The new PayPal app, which reimagines nearly every part of the previous app and adds a raft of new features, is designed as a full-fledged digital wallet. "The people have spoken, and they’re very clear when they say they want to carry their phone," Ferguson says. "That’s the thing that matters the most to them: if you can replace all the utility that a physical wallet has in the cloud … that’s the goal for us. We’re by no means declaring victory on this. But we feel like we’re ready to make a big push and tell the world about it."

The most fully featured payment app to date

The app might be the most fully featured payment app to date. It can store your credit cards, send and receive money, and open a credit line on your behalf. It can find local deals, make purchases inside stores that use PayPal, pay for your bill at a restaurant, and order ahead, as Ferguson did, at Jamba Juice. About the only thing it can’t do is make any of that feel as simple as swiping a credit card. It’s the problem every mobile-payments app suffers from, in one way or another. Google Wallet’s struggles are legion; Isis, a solution created by the carriers, has been slow to launch. Why hasn’t anyone gotten it right?

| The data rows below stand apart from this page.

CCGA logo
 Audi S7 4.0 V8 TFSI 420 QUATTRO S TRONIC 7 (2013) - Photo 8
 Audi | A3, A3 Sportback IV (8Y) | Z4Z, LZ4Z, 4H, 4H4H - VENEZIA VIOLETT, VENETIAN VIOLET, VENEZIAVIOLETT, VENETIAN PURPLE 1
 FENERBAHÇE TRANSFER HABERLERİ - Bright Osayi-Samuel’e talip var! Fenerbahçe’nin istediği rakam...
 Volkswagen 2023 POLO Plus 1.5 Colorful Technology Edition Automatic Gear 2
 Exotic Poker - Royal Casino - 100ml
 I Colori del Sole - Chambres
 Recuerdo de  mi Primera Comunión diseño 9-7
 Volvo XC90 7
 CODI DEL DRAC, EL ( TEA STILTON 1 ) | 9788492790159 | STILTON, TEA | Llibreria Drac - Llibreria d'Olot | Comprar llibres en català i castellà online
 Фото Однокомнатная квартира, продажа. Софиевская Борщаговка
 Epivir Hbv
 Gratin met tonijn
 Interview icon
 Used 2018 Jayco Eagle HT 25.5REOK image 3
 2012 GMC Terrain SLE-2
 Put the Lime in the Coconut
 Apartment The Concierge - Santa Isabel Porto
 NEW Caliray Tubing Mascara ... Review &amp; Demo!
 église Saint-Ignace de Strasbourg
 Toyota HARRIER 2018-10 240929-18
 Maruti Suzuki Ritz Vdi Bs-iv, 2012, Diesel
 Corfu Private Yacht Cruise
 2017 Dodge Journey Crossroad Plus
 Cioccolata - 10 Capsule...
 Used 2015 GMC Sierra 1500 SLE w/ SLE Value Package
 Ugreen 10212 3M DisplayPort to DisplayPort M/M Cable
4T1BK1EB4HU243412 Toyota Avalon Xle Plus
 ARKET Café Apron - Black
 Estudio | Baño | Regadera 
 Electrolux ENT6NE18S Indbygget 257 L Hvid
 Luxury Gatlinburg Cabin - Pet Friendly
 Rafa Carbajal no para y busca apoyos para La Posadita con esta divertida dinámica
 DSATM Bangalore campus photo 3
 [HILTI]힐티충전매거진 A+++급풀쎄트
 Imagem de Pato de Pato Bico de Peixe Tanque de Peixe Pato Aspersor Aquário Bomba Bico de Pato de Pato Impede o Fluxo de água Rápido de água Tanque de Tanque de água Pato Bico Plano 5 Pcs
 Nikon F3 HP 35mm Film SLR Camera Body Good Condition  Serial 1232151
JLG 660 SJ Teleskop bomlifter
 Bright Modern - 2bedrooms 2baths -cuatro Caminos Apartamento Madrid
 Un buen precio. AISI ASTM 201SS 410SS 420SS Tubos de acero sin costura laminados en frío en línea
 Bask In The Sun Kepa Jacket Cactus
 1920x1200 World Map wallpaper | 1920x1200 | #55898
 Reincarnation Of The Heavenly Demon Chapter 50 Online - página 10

Developers of digital wallets are forever promising to make our lives easier. In practice, though, using a phone to pay rarely improves on the experience of swiping a card. Square became an early leader in mobile payments by using phones’ GPS sensors to let users open tabs at their favorite shops and pay for things just by saying their name at the register. But in the year since it signed a deal to process payments for Starbucks, no other mass retailers have adopted it.

Img_4683

PayPal, which has more than 132 million active users in 193 countries, would appear to be in a position to crack the mainstream. The eBay-owned company has the financial resources, the software engineers, and the user base to push the digital wallet forward. And yet while the company is enabling tons of mobile payments — it expects $20 billion in transactions this year — the user experience has felt more like a website ported to an app than a futuristic way to pay. The heart of the old app, launched in March 2012, was account management: tracking purchases, sending and requesting money.

The new app turns that approach on its head. "We’re going to try to make sure people have a much better retail shopping experience," Ferguson says. "We’re really focusing on the parts of the experience around the payment — before and after — not really the payment itself." When you open the new app, instead of being asked to enter your PayPal password, you’re greeted with a list of nearby businesses that accept PayPal.

A confusing interface

From there, though, things grow more complicated. For starters, the user interface is glaringly inconsistent across different uses. Some tabs have an older, skeuomorphic ledger reminiscent of the previous app, complete with fake stitched leather. Others embrace the flatter style of iOS 7, abandoning virtual textures in favor of bright colors and crisp typography. A navigation bar that explains the app’s four core uses has trouble articulating which tab contains what; if you wanted to pay your bill at a restaurant, would you tap ‘wallet,’ ‘activity,’ or ‘transfer’? (The navigation bar also comes and goes as you tap through the app, largely defeating the purpose of having one.)

Navbar

And it’s frustrating, because the features all actually work. On a recent afternoon in San Francisco, Ferguson walked a reporter through the various new ways to pay, from buying socks at a clothing store to ordering fries at a restaurant. Paying was fast and functional at every stop. And yet it’s difficult to imagine many people taking the time to master the new PayPal’s many different features.

Recently on his blog, investor and former Twitter executive Satya Patel wrote about how apps succeed by doing a single thing spectacularly well. "WhatsApp, Instagram and Shazam are great examples of products and companies that expertly address a single, well-defined need in a simple way that satisfies a large number of people," he wrote. "A single-purpose app makes it easier for a user to remember why she should use that app at the moment that she has a specific need."

In praise of the humble credit card

We pay for things in so many different ways that it’s hard to devise such an app to handle our payments. Meanwhile, the humble credit card remains a tremendous single-purpose tool for spending money. Whether buying smoothies or socks or a restaurant meal, we use it in the same way each time: by handing it to someone to swipe. We might lose out on the ability to order ahead or pay for a bar tab without calling the server over, but we gain immeasurably in speed and ease of use.

The new PayPal app is powerful and forward-thinking. It does most of the things we say we want in a payment app. But until the developers who are building digital wallets can make them simpler than physical ones, most of us will keep buying our smoothies the old-fashioned way.